-------- Data excerpt
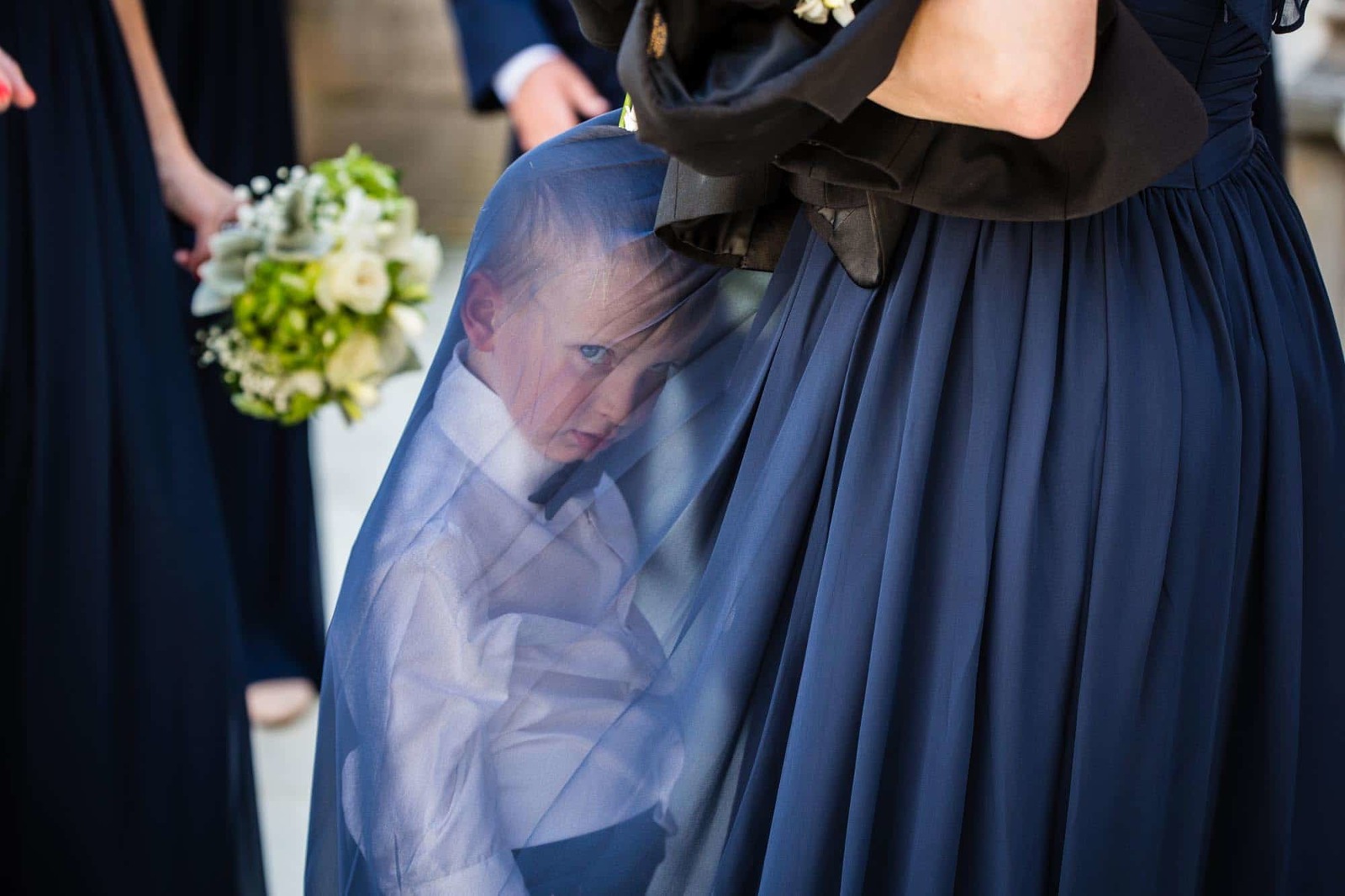 disgruntled ring bearer hiding under bridesmaid's dress, giving bored look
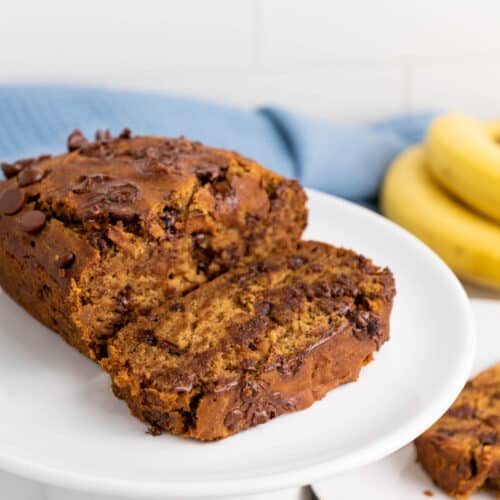 A loaf of gluten-free banana chocolate bread on a plate.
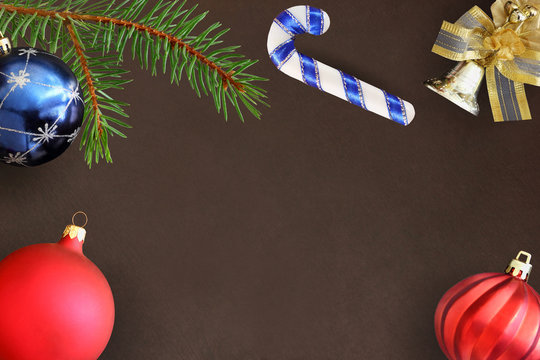 Christmas fir branch, stick, blue and red wavy dull balloon and decorative bell on dark background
----------------
What is required:
The listing above is to be written out again exactly, with its pictures omitted.

Solved problem:
 disgruntled ring bearer hiding under bridesmaid's dress, giving bored look
 A loaf of gluten-free banana chocolate bread on a plate.
 Christmas fir branch, stick, blue and red wavy dull balloon and decorative bell on dark background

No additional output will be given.